I have never felt my race has impeded me – I’ve always been treated as an equal member of the team.
I fully appreciate I am the exception. I know there are many young Black women, especially in journalism, for whom this is infuriatingly not the case. It has been the most empowering and wonderful feeling to be championed by my managers and team members after what happened in my earlier years.
In my first journalism job, I was promoted after six months to deputy editor at the age of 22. In my current role, I was promoted to senior editor after a year. When I first got the position, I remember feeling proud as I sat alongside four senior male colleagues for our first editorial meeting.
The biggest thing I’ve learnt in my career is how important it is to treat everyone equally and judge colleagues completely on their work and how they treat others. I know my career experiences have been largely positive, but this is rare.
The Trades Union Congress (TUC) 2019 Racism at Work survey shared plenty of distressing findings. More than 70% of ethnic minority workers revealed they have faced racial harassment at work in the past five years.

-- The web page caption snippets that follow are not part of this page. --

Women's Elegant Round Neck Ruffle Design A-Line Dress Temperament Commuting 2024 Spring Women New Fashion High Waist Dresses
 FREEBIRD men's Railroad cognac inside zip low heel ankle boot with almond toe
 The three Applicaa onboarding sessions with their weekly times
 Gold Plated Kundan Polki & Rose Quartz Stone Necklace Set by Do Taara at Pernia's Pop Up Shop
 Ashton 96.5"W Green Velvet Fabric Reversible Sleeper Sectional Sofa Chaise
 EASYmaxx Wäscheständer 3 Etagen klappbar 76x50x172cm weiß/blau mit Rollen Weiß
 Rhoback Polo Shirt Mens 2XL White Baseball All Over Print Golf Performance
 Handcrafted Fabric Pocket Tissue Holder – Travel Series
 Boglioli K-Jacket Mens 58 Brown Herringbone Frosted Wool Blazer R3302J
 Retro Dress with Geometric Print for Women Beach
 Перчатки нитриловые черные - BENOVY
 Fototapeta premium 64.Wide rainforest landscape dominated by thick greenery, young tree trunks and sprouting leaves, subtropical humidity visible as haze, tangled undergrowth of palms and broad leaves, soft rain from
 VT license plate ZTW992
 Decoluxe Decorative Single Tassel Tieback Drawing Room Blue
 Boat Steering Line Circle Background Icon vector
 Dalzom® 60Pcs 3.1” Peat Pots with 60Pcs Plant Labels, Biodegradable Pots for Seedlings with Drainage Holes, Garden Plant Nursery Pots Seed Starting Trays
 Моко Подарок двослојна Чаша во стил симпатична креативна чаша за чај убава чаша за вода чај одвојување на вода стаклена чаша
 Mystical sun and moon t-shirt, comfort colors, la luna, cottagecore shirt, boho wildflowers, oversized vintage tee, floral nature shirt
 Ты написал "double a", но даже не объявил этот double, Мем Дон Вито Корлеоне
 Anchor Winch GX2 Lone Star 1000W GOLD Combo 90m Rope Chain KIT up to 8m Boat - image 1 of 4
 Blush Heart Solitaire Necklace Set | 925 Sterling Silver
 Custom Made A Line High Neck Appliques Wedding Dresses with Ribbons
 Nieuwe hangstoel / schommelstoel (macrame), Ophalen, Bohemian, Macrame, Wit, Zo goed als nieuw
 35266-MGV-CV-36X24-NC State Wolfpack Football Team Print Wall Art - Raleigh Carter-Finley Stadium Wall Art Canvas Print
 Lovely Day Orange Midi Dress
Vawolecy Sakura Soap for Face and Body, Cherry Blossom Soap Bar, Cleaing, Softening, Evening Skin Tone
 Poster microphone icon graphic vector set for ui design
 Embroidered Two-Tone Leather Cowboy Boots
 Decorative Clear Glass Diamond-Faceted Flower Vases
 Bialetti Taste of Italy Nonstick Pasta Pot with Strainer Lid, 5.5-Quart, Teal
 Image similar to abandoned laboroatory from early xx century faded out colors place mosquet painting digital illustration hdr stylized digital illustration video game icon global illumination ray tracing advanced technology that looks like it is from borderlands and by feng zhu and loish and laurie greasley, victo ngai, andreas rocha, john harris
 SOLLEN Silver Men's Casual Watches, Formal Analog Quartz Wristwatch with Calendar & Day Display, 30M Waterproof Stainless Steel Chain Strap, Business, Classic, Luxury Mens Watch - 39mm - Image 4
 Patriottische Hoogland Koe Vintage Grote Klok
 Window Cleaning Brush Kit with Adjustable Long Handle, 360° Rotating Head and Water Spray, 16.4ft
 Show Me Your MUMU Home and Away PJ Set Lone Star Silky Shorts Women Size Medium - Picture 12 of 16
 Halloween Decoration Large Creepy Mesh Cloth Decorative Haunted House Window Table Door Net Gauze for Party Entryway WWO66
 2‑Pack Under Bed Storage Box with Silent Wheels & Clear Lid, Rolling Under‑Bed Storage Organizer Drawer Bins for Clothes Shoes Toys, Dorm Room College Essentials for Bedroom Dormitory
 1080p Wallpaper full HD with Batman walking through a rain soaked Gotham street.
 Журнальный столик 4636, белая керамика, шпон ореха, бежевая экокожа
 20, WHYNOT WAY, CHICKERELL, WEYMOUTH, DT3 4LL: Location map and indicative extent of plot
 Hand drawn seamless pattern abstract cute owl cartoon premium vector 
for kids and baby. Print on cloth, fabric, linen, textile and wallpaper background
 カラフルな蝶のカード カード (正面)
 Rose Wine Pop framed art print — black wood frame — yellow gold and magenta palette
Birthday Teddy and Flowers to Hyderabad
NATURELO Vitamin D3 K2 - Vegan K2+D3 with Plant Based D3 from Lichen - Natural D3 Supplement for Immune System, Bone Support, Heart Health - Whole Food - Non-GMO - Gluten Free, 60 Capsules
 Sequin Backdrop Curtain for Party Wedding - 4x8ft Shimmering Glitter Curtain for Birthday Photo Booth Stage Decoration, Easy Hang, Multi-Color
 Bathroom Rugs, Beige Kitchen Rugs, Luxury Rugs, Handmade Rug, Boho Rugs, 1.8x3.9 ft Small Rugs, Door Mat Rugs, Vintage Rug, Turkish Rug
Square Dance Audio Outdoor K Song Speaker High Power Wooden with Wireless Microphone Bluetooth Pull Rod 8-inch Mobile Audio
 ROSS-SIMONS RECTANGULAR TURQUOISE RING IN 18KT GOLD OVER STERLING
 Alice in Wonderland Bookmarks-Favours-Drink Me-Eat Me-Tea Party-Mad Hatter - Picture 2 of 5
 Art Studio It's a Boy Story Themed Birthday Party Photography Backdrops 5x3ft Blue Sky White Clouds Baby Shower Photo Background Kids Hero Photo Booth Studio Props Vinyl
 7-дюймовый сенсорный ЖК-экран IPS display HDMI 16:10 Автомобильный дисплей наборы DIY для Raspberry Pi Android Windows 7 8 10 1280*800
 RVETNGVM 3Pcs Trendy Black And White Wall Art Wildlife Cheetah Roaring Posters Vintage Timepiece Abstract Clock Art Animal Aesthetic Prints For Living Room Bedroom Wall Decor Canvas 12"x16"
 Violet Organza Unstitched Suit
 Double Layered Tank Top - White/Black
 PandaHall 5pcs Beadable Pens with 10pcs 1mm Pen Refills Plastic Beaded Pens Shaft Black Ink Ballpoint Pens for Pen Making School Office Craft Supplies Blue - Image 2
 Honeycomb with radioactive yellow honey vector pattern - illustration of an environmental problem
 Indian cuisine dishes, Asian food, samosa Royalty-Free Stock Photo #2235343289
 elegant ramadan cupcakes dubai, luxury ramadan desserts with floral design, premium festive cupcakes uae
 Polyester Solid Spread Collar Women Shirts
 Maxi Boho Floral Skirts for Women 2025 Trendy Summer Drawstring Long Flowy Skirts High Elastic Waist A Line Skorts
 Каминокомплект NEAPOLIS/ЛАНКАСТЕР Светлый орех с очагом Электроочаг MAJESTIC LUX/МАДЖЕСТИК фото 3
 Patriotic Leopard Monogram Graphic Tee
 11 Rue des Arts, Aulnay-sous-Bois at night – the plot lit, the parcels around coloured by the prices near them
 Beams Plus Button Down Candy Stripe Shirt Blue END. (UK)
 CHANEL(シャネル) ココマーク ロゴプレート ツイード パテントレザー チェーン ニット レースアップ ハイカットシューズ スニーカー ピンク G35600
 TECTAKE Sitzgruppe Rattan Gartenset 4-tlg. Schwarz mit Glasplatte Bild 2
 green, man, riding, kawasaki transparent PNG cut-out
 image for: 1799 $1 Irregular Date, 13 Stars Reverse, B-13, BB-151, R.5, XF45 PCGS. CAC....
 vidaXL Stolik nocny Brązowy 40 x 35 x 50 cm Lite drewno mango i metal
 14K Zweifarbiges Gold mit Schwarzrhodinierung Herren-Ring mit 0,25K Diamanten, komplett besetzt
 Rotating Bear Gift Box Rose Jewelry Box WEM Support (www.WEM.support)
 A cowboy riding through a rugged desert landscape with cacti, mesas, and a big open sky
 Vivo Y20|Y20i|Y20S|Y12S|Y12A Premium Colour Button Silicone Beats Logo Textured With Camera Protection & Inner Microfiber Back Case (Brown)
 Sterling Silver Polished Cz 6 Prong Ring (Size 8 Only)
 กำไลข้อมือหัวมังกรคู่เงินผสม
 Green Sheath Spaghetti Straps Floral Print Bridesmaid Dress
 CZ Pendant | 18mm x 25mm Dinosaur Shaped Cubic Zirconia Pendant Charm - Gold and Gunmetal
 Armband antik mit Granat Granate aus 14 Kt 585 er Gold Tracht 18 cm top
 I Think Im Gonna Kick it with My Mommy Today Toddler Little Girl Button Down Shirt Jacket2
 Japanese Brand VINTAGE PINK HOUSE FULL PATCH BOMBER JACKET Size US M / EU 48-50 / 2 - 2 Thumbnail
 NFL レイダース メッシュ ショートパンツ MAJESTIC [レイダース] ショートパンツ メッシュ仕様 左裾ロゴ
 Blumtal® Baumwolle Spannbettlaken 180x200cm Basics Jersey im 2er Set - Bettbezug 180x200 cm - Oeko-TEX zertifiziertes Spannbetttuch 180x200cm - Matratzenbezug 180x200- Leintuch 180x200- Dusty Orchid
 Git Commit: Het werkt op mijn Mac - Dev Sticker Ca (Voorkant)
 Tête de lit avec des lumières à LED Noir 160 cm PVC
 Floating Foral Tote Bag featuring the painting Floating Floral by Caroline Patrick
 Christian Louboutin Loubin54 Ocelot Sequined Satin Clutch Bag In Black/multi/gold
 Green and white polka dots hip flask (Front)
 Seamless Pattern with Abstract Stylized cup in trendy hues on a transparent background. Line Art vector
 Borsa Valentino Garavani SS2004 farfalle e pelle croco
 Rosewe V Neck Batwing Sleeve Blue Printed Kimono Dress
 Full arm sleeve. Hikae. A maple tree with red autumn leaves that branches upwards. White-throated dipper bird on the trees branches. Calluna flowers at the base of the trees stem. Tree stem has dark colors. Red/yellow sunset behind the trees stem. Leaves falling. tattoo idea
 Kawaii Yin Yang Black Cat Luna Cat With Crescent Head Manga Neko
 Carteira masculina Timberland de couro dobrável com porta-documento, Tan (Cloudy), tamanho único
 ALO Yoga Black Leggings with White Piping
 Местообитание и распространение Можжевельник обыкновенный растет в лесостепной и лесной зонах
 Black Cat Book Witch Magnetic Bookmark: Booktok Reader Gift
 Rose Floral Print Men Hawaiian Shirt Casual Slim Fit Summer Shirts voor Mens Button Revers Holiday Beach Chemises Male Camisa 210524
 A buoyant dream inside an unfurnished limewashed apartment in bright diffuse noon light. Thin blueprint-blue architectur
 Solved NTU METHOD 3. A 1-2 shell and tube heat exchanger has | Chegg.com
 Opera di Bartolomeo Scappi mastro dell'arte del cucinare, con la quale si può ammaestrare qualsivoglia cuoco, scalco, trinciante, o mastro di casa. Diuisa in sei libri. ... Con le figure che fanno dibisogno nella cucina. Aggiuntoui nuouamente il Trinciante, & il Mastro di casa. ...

Almost half of those surveyed said they had suffered “verbal abuse and racist jokes”. And more than 40% of people who reported a racist incident said they were either ignored or had been branded a “troublemaker”.
These shocking statistics show we have a very long way to go before Black people are no longer met with discrimination and hostility for the colour of their skin.
The death of unarmed black civilian George Floyd left me horrified. My jaw dropped when I saw the footage of white police officer Derek Chauvin kneeling on Floyd’s neck for more than eight minutes as he pleaded that he could not breath.
The Black Lives Matter protests happening around the world right now are important. Although I strongly disagree with any violence or looting, those participating in peaceful protests have brought injustices, sufferings and issues Black people have endured for centuries to the forefront of everyone’s minds and instigated a powerful conversation about race, one that’s long overdue.
Whether it is personally or professionally, most Black people in some area of their lives have felt oppressed and unequal in comparison to white people. Change must happen.
I am finally happy being a Black woman. I am so eternally grateful for the support network around me – my amazing family, friends and wonderful boyfriend have supported and encouraged me to be proud of my race and who I am as a person.
I am proud of my heritage and my black skin, and I am hopeful for a better world for Black people from this movement.